Taking it personally

A lot has already been written about Joseph Bottum’s essay, “The Things We Share,” and it’s worth the attention it’s received from all sides.  I won’t try to intuit Bottum’s intent, or explicate his reasoning.  The piece speaks for itself, and has a lot to say.

One thread of his thought in particular sticks with me.  He takes time that many people do not to consider the “perceived offense” lesbians and gay men take to the arguments in favor of heterosexual-only marriage, and mentions Bruce Bawer and David Boaz among many who have taken umbrage at things he has written.  The essay was prompted by the deteriorated relationship he had with a gay friend.

Bottum is troubled by this unintended response.  He does not mean to give offense, and I see little reason to doubt that.  He will never be a champion of same-sex marriage, but he doesn’t seem to have a homophobic bone in his body.

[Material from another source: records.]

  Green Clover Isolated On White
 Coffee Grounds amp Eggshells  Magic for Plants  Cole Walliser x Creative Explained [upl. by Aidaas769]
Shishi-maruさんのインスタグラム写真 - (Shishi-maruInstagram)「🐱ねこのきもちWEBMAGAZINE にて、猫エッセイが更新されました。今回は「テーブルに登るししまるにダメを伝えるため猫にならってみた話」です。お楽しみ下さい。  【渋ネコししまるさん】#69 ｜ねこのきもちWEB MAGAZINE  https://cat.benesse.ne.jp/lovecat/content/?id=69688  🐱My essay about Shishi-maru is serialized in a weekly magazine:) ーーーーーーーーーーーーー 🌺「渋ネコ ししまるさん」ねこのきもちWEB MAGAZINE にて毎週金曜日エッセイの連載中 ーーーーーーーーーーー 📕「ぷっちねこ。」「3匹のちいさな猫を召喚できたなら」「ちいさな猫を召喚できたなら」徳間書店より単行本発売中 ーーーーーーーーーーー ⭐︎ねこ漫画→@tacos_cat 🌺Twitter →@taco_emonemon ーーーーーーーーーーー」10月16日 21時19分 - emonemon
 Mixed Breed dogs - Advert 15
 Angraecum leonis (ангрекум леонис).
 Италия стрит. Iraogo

So is the offense strictly on us?  Are we being overly sensitive?

I think this question marks the primary disconnect between those who genuinely dislike or fear homosexuality and those who are struggling in good faith with a hard social and moral issue.

And I’d pose the answer as a further question: When it comes to marriage, how could we not take our exclusion personally?  What kind of human beings would we have to be to not experience some level of offense?

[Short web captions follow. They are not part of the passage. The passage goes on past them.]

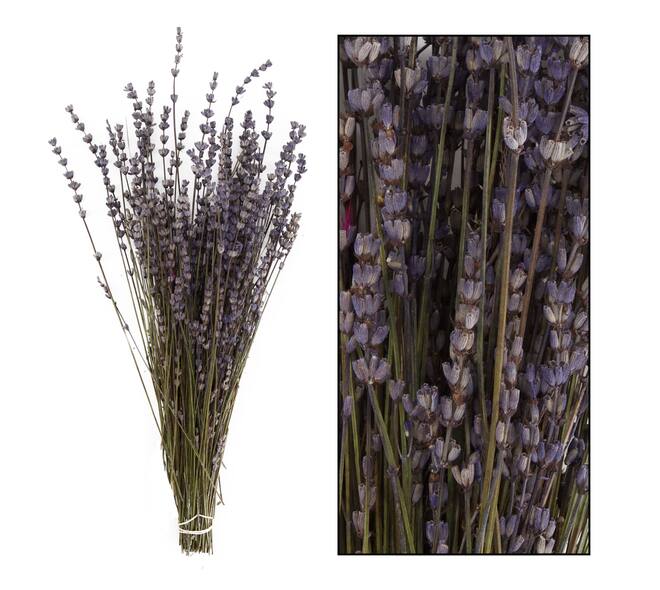 Lavender - Purple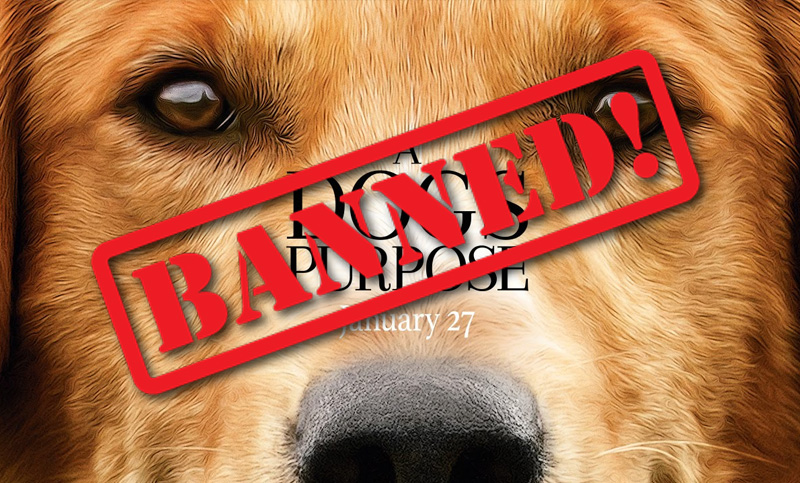 Piden boicotear la película “A Dog’s Purpose” por maltrato animal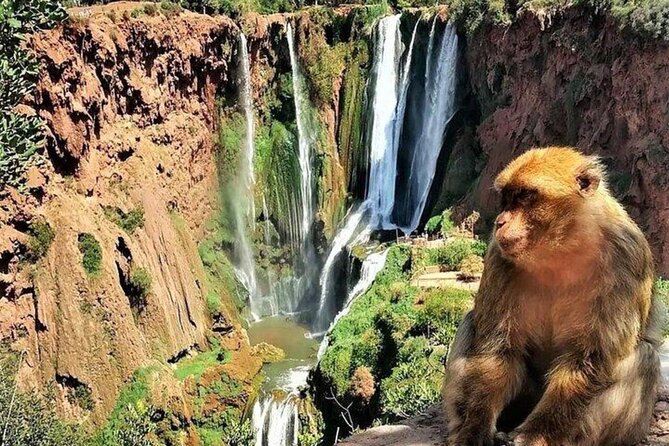 Small group Ouzoud Waterfall Guided Tour Boat Ride from Marrakech - What the $19.24 price really buys you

You don’t have to have read Jonathan Rauch’s “Denial: My 25 Years Without a Soul” (though you should) to understand how important this is.  Lesbians and gay men are, first of all, human, with all that entails.  Our sexual orientation is fully bound up in our humanity.  When we are treated – or treat ourselves – as if we are heterosexual, one of the most fundamental parts of our entire humanity is distorted, and the corrosive effects compound from that.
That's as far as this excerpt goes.